2010 writing/reading goals

January 26th, 2010

I’m a bit late to the New Year goal-setting party, but here goes. For my writing, I want to finish my second novel and get it published, and start on a third. I also want to write more short stories and submit them to magazines and contests. For my reading, I want to read a book a week. I think I do this already, but have never really tracked it for a full year to find out if it’s true. So this year I want to make a note of every book I read, and also review it on this site, and I’m aiming for 52 books for the year. I’ve added a new page on the top menu, 2010 reading, where I will post updates.

That’s it. Nothing too difficult – I believe in setting realistic goals and actually meeting them (I only came to this belief after years of pie-in-the-sky New Year’s resolutions that came unstuck by the end of January). What about you? Any goals you’d like to share for 2010?

Andrew Blackman Uncategorized , , ,

Holiday reading

January 22nd, 2010

I had a very relaxing holiday, and had time for lots of reading:

Also read, but not pictured, were:

  • Global Shift by Edmund J. Bourne
  • Commonwealth Short Stories edited by Anna Rutherford and Donald Hannah
  • West Indian Folk Tales retold by Philip M Sherlock

Reviews to follow – I have a bit of a backlog to take care of!

Andrew Blackman Book reviews ,

UK short story magazines

January 20th, 2010

Well, I’m back – finally! The snow and ice here in England delayed my return, so my four-week holiday turned into five. I am now relaxed and even a little tanned, and trying to hold onto both for as long as possible. More about my holiday later, but I wanted to start the new year by thanking Tania Hershman for providing this excellent list of UK and Irish lit mags. I plan to subscribe to several of them, and also submit some short stories I’ve been hoarding for a while.

Happy New Year everyone! What have you been up to lately?

Andrew Blackman Uncategorized , , , ,

American vs. British readers

September 10th, 2009

Some interesting analysis of US and UK reading habits, courtesy of the summer edition of The Author magazine:

  • American readers prefer romance; British ones prefer literary fiction
  • Men make 35% of book purchases in the US; 42% in the UK
  • In both countries, two-thirds of books are bought by people over the age of 42
  • In fiction, mystery and romance account for 58% of purchases in the US, compared with 31% in the UK
  • In non-fiction, religious books do well in the US; celebrity biographies in the UK.

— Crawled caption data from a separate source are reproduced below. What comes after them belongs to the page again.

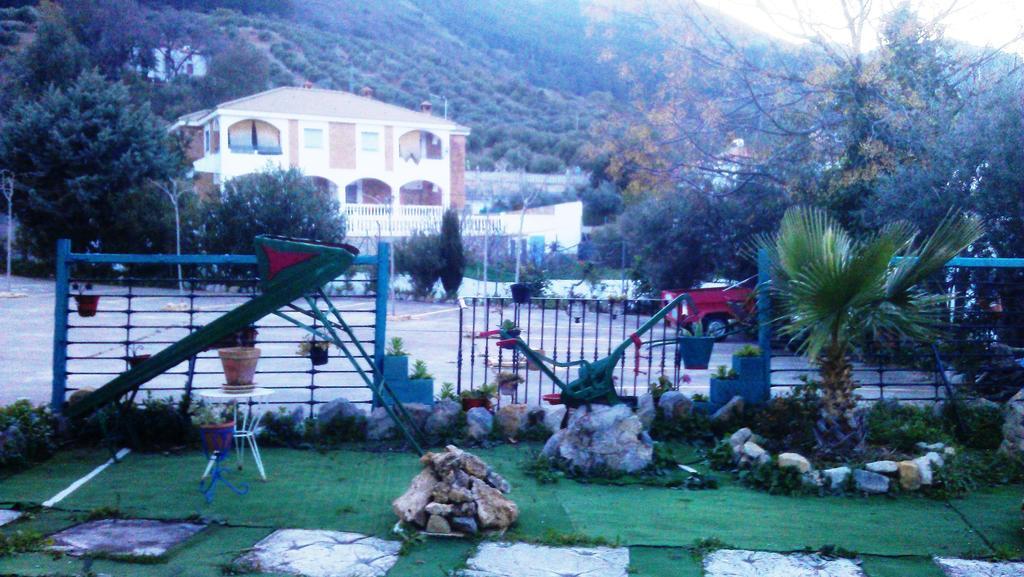 Alojamiento Rural La Caseria De Piedra Restaurante Jaén Eksteriør bilde
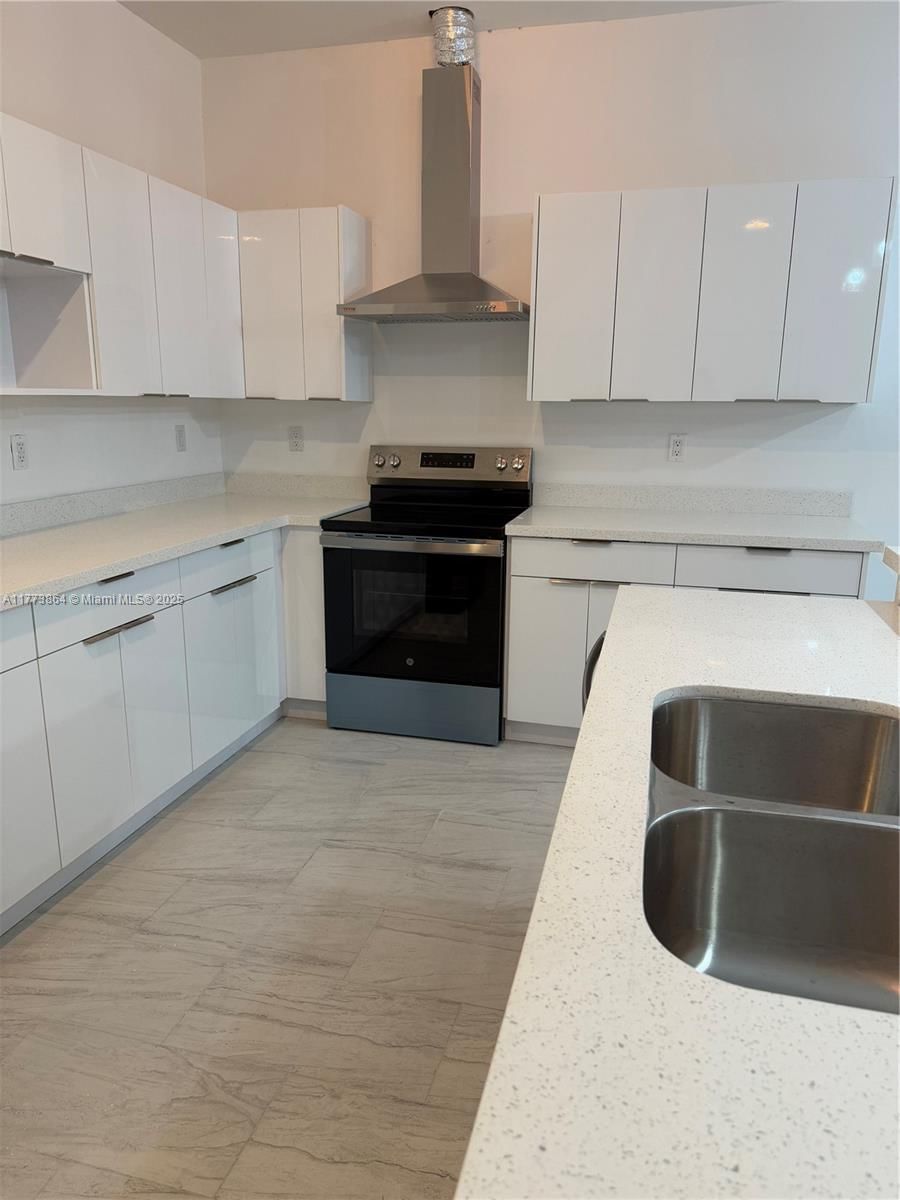 Real estate property located at 12130 SW 212TH ST, Miami-dade, Dixie Pines, Miami, FL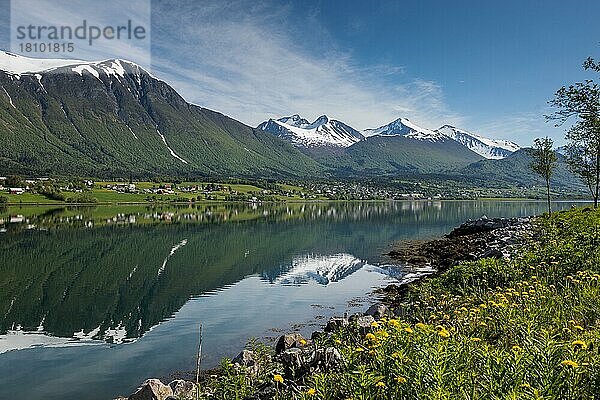 Romsdalsfjord  More og Romsdal  Norwegen  Europa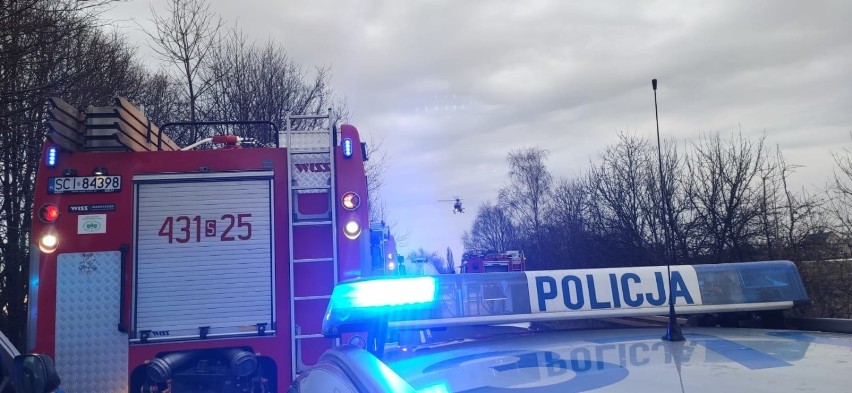 Wypadek ciężarówek w Kończycach. Kierowcy ciężko ranni po czołowym zderzeniu na DW 938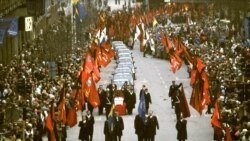 Kovčeg sa tijelom švedskog premijera Ulofa Palmea provoze kroz Štokholm, 15. marta 1986.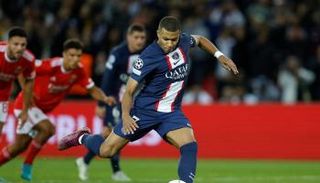 مباراة باريس سان جيرمان ضد بنفيكا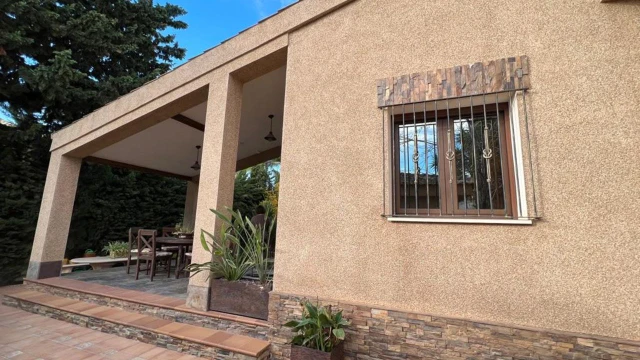 "Luxury Villa with Elegant Decor, 2 Buildings, Emerald Pool, Sauna, Garden, Terrace, BBQ Area"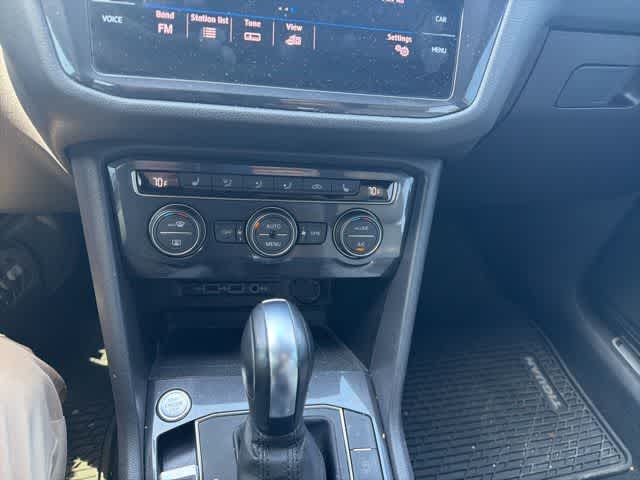 Thumbnail: 2020 Volkswagen Tiguan - 17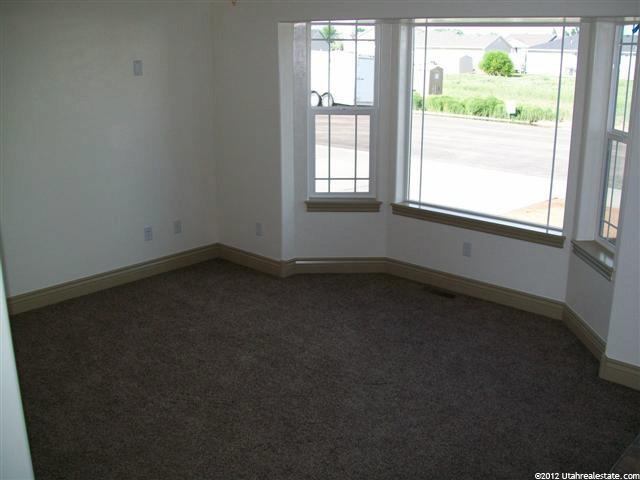1174 Pine Cir, Roosevelt, UT 84066 — photo 3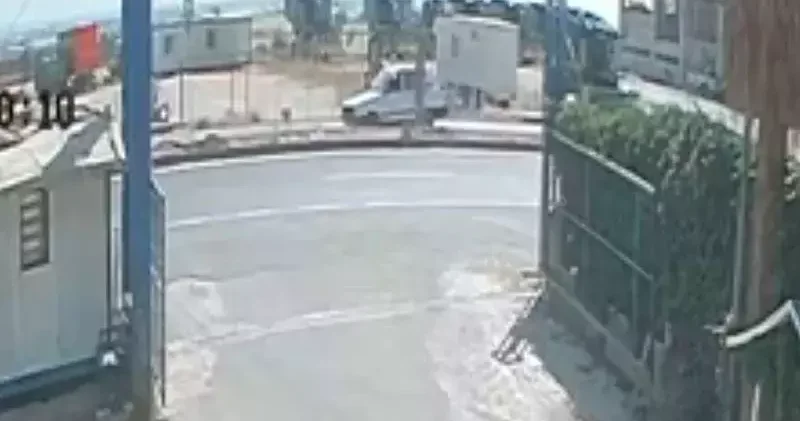 Yolun karşısına geçmek isteyen köpeğin neden olduğu kaza kamerada; 4 yaralı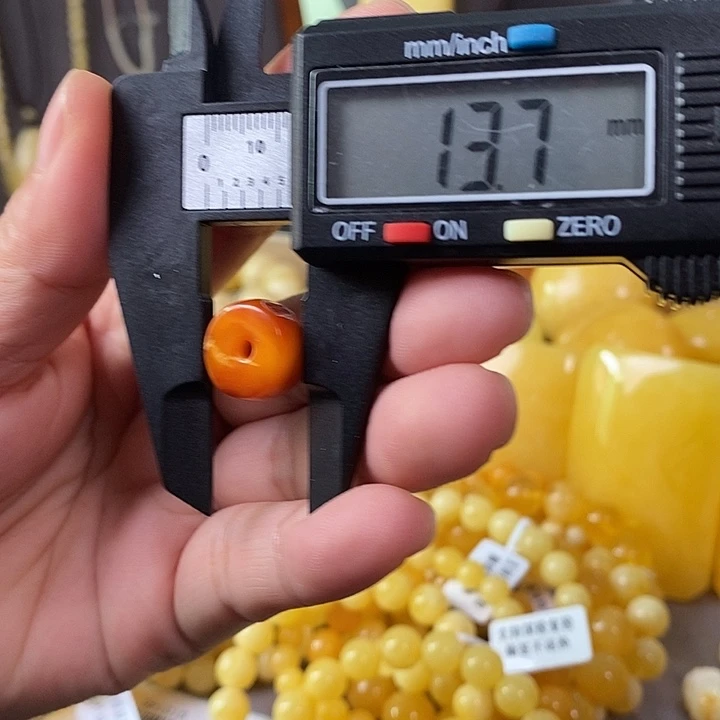 琥珀未镶嵌裸石墩子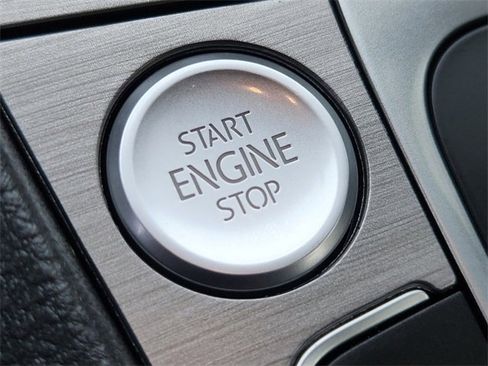 Used 2015 Volkswagen Golf TDI S image 19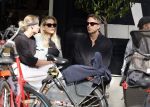 Amsterdam 29 mei 2026
Chantal janzen met haar man Marcel Geeratz op terras .
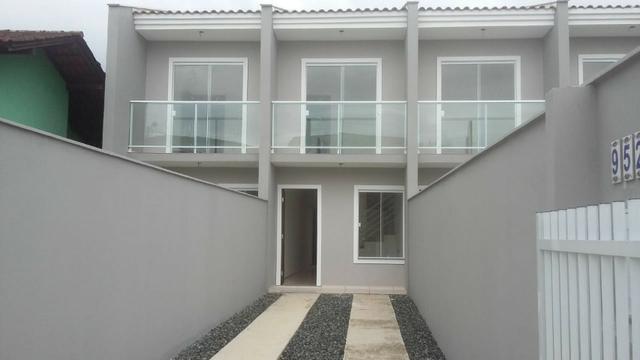 Sobrado geminado no Floresta 195.000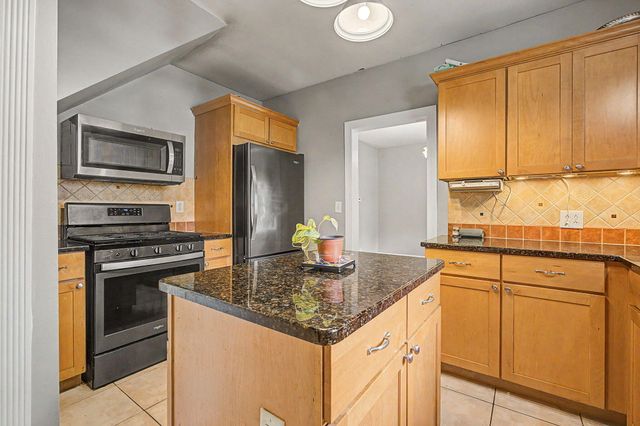 1008 Union, Jackson, MI 49203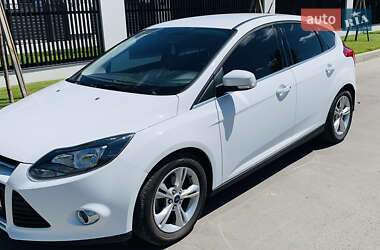 Хэтчбек Ford Focus 2013 в 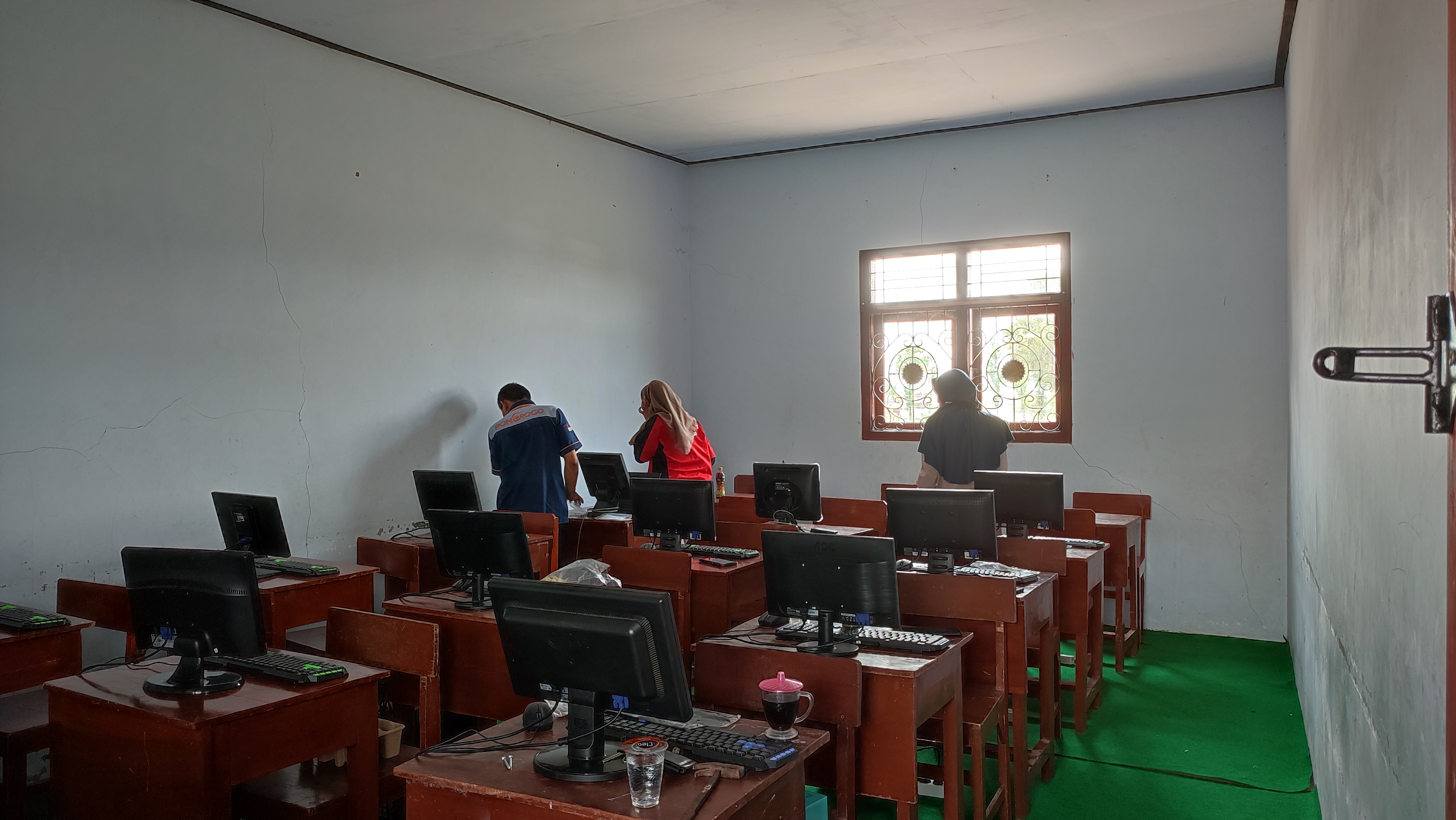 Mempersiapkan ANBK di Ruang Laboratorium Komputer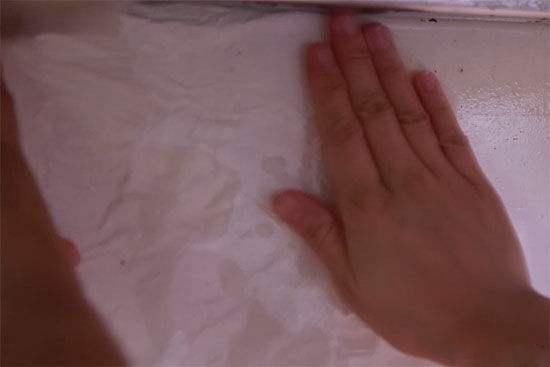 厨房瓷砖缝厚油烟,天天擦太痛苦了!老阿姨一招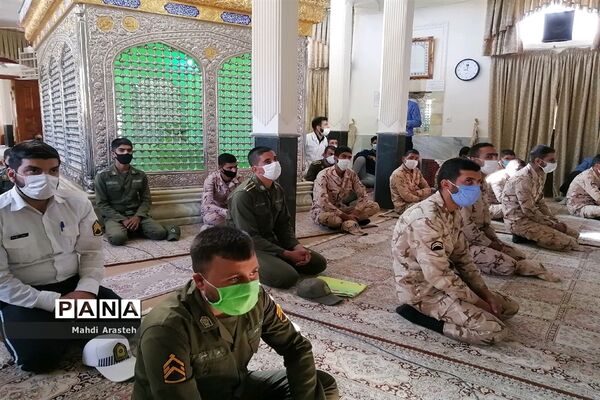 تجلیل از سربازان نمونه ناحیه مقاومت بسیج سپاه و فرماندهی انتظامی شهرستان خوسف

Original source was a presentation at the London Book Fair by survey companies BML, who surveyed UK readers, and Pub Track/Bowker, who did the same in the US. At first I was quite struck by the fact that two-thirds of books are bought by people over the age of 42, and was going to start writing about how young people don’t read etc etc. But then I realised that probably two-thirds of adults are over 42 anyway, so actually it’s the sort of proportion you’d expect!

I guess the real question is why men don’t read very much. Certainly when doing publicity for my book, I’ve noticed that most of the people who turn up to readings and speaking events are women, and on sites like Goodreads or in book blogs, I’d say there are more women than men. That’s just my own experience, though – what do you think? Are there more women than men involved in reading and talking about books? If so, any idea why? (No need for proof or data of any kind – wild speculation is more than welcome here!).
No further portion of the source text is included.